Dataset records:

------

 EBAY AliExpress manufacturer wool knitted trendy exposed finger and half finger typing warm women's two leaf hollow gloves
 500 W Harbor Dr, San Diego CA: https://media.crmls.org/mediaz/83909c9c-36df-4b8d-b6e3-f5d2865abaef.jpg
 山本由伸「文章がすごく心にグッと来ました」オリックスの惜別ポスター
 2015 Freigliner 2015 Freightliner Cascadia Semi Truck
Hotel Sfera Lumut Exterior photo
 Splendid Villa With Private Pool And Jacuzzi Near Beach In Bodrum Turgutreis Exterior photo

------

(What needs to be done): Output each entry once again, exactly as shown above.

(Your solution):
 EBAY AliExpress manufacturer wool knitted trendy exposed finger and half finger typing warm women's two leaf hollow gloves
 500 W Harbor Dr, San Diego CA: https://media.crmls.org/mediaz/83909c9c-36df-4b8d-b6e3-f5d2865abaef.jpg
 山本由伸「文章がすごく心にグッと来ました」オリックスの惜別ポスター
 2015 Freigliner 2015 Freightliner Cascadia Semi Truck
Hotel Sfera Lumut Exterior photo
 Splendid Villa With Private Pool And Jacuzzi Near Beach In Bodrum Turgutreis Exterior photo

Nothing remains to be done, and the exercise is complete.